O Superior Tribunal de Justiça (STJ) retoma hoje o julgamento sobre a correção de empréstimos compulsórios da Eletrobrás e a decisão terá repercussões políticas, jurídicas, empresariais e acionárias. Os ministros da 1ªSeção do tribunal terão de definir se milhares de empresas que possuem créditos adquiridos em ações da estatal nas últimas quatro décadas terão direito à correção monetária dos valores. O julgamento certamente terá impactos nas ações da Eletrobrás, pois a companhia fez uma provisão de R$ 1,3 bilhão em caso de derrota na Justiça e admitiu formalmente que esse valor pode subir até R$ 3,3 bilhões.
No campo político, o debate no STJ mobilizou o ministro das Minas e Energia, Edison Lobão, que se reuniu pessoalmente com os ministros do tribunal para tratar do assunto. A partir do caso Eletrobrás, que começou a tramitar em fevereiro do ano passado no STJ, Lobão passou a transitar pela corte em defesa da estatal. Em encontros com os ministros do STJ, Lobão afirmou que uma derrota poderia levar a Eletrobrás à falência e custar até R$ 60 bilhões aos cofres públicos. A estatal é controlada pelo PMDB, sob a influência direta do presidente do Senado, José Sarney (PMDB-AP), que indicou vários de seus diretores entre os seus aliados políticos.

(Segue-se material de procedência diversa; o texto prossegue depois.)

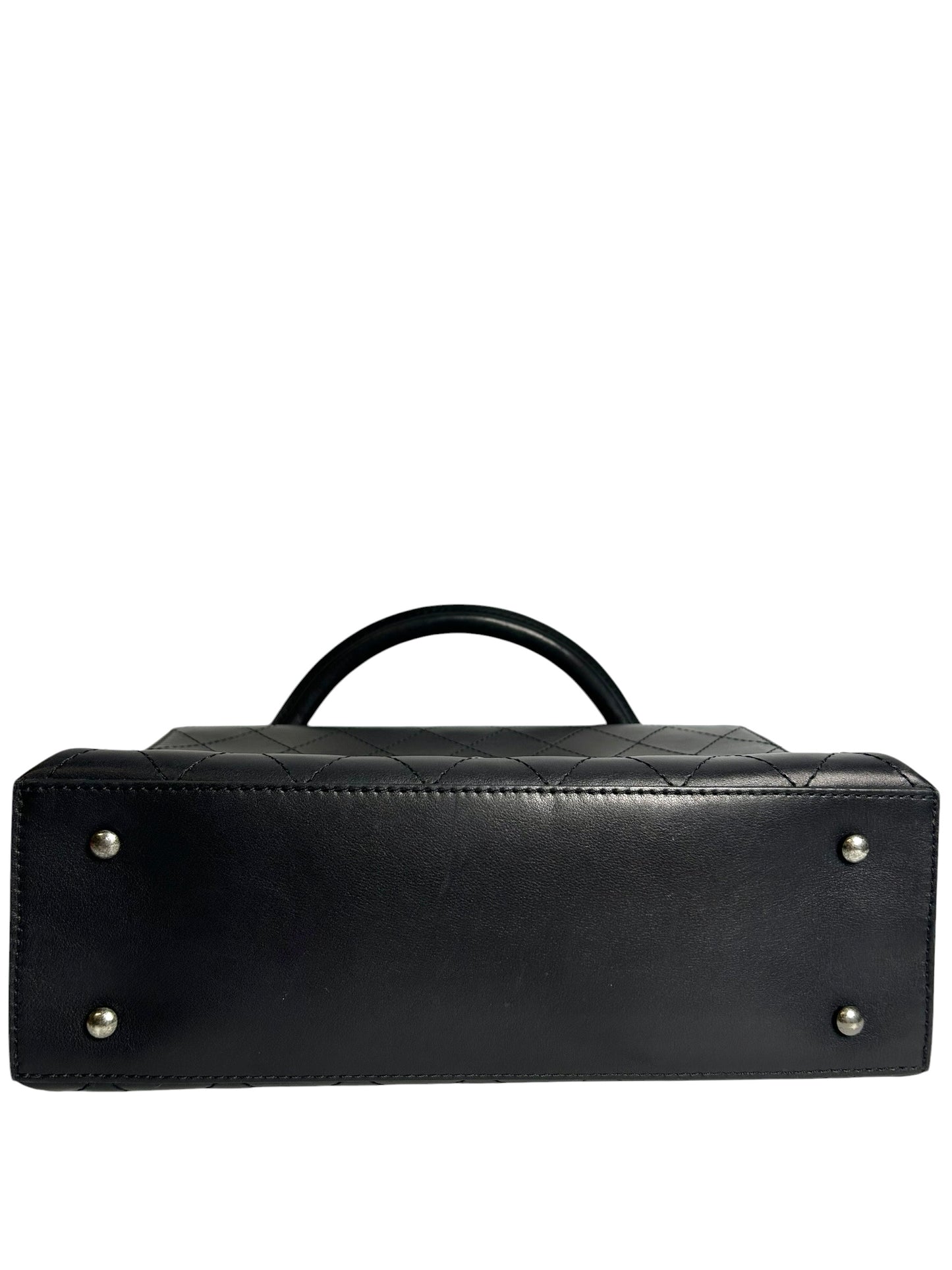 Chanel Black Quilted Flap Top Handle With Shoulder Chain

O advogado-geral da União, ministro José Antonio Dias Toffoli, assumiu pessoalmente a defesa da Eletrobrás no STJ. Ele fez a defesa oral perante os ministros da 1ª Seção em outubro, quando teve início a votação. Na ocasião, a relatora do processo, ministra Eliana Calmon, concedeu em parte o pedido das empresas credoras da Eletrobrás. Na lista estão grandes companhias, como a Vale, a CSN, a Sadia e a Parmalat. Eliana considerou que as empresas podem pedir os créditos da estatal a partir da data da última assembleia geral ordinária que os converteu em ações. Essa assembleia ocorreu em 30 de junho de 2005. Segundo a ministra, as empresas possuem cinco anos para pedir esses créditos.
O problema, para as empresas, é que, após o voto de Eliana, o ministro Benedito Gonçalves antecipou um pedido de vista do processo. Além de suspender a conclusão do julgamento, o pedido de vista favoreceu a estatal, pois, se o STJ não concluir o caso até 30 de junho de 2010, os créditos estarão prescritos e as empresas não poderão mais requerê-los.
Após o pedido de vista, o STJ marcou pelo menos três datas para a retomada do julgamento, em março, maio e em junho deste ano. Nas três ocasiões, houve novos adiamentos a pedido do governo, o que gerou certo constrangimento no tribunal. Em junho, Eliana indagou com veemência quais eram os motivos que levavam o governo a pedir novo adiamento do caso.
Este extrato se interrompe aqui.